The humans behind Siri / iMessage bugs / "Sign-in with Apple" caveats
|Jul 31||Public post|| 1|
Greetings! Coming right up, the most interesting stuff about Apple in the past week. — Please forward this email to anyone you think might find it interesting.
Q3 results are in and they're a mixed bag of great, good and not so good. The latter mostly on the iPhone. The quarter was a record Q3.
The iPhone went below 50% of total turnover for the first time since some quarter in 2012 after dropping by $3.5 billion.
This is somewhat good for the company in the long term but I'm sure the company would love to sell both more iPhones and more "of the rest" instead of just one of those options.
Canalys has the iPhone falling 13% (while the market only 2%) to 36 million units, with no data yet from Gartner, IDC or CounterPoint.
Non iPhone news:
Wearables (for now Beats, AirPods and Apple Watch, maybe Glasses soon) are now on par with the Mac and the iPad in terms of revenue.
Wearables are now roughly a $25 billion per year business, similar to Xiaomi as a whole, which did $26 billion in 2018.
75% of Apple Watch customers this quarter were first time buyers. That's pretty good sign of a healthy segment.
iPad and Mac flattish.
Apple Card will come out in August, as reported.
Apple Pay is doing about 1 billion transactions per month according to the company, double from last year.
Apple contractors 'regularly hear confidential details' on Siri recordings. The report goes to enumerate a few details on how the human "grader" team works (spoiler: mostly similar to Alexa and Google's teams). — The unnamed contractor is actually Sigma Technologies here in Madrid, who works for Google too.

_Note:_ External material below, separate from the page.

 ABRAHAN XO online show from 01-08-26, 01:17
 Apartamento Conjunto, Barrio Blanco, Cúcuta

👉 I'm pretty sure most Apple customers don't know actual humans can hear some of their Siri recordings. I don't have hard data on it, but I'd take a huge bet on it.

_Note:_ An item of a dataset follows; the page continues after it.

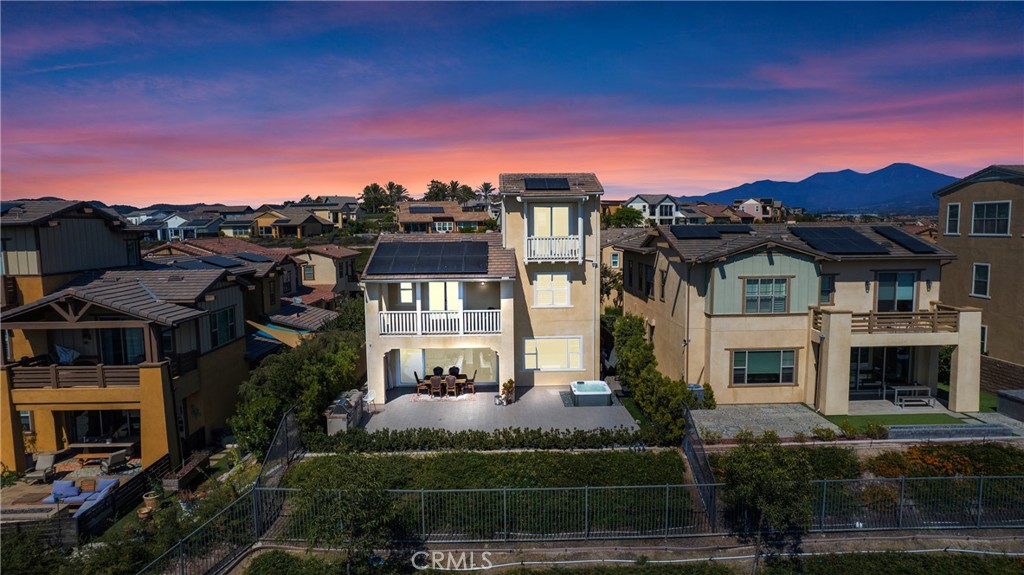 Heirloom (ESHEIR) - Residential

Google reveals six bugs in Apple's iMessage app. Google's Project Zero team told Apple about a fistful of flaws, one of them pretty awful according to the researchers. iOS 12.4 should have patched the vulnerabilities.

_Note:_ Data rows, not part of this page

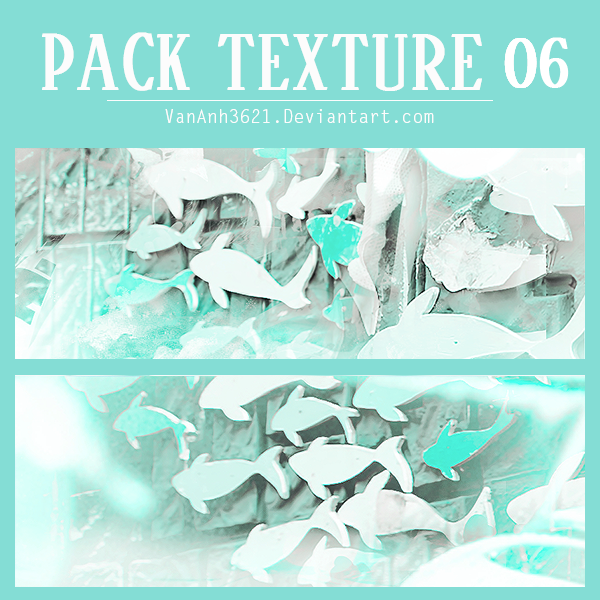 [SHARE] 170924 /// PACK TEXTURE 06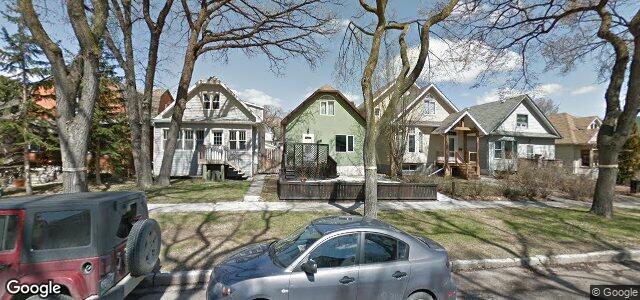 Larawan ng 699 Mulvey Avenue sa Winnipeg, Manitoba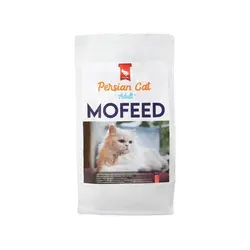 غذا خشک گربه مفید مدل پرشین وزن 2 کیلوگرم | PETKALA24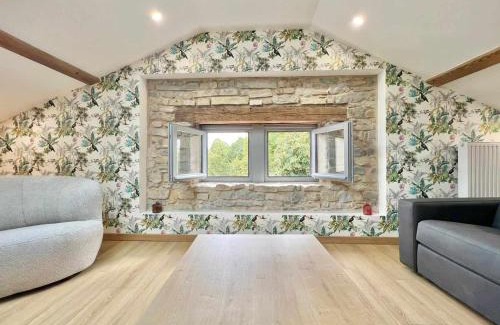 Haroue House | Gîte Charme 4 Chambres avec Salle d'eau, Confort Moderne - FR-1-584-368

The Tesla-Apple Motorway is still busy. Former Jaguar Land Rover and Tesla executive "in charge of engineering for car exteriors and interiores", Steve MacManus, joined Apple as Senior Director.
'Sign in with Apple' isn't that good for privacy. The service could get better, but as stated it "may not really impact customer data tracking" according to marketing company Arm Treasure Data's co-founder and CTO Kazuki Ota. — I quote:
"With that type of solution, our match rate will be decreasing for sure,"
The gist is here:
"The effectiveness of this Apple move was more about how the email address will be used. That prevents certain actions, but I think the effectiveness, personally, will be limited."
Super interesting thread on how Apple's Lightning video adaptors work. Tiny computers that need the iPhone to upload a custom firmware every time they're connected. The problem is: they aren't super reliable.
Apple takes some iPhone models off India. The company stopped selling the iPhone SE, iPhone 6, iPhone 6 Plus, and iPhone 6s Plus in the country. The iPhone 6s still on sale as the cheapest option, the rest is iPhone 7 and newer.
Apple bought Intel's smartphone modem business. Over 17,000 patents (good) and 2,200 employees (not that good), mostly coming from the Infineon purchase in 2014. The deal will take a lot of time to get in position.
More from the orchard
Apple will test AirPods production in Vietnam to test the waters.
Withings launched "BPM Core", a blood pressure monitor with ECG that syncs with the Apple Watch.
Steve Jobs' NeXT Fall 1989 catalog uploaded to Archive.org in full.
iOS 12.3.x and iOS 12.4.x seem to have a pretty bad bug that lets app use cellular data even when they shouldn't.
China-U.S. trade dispute doesn't move. Shanghai meeting barely existed, waiting for September now.
Samsung could launch the fixed Galaxy Fold in the days surrounding the iPhone 11 event.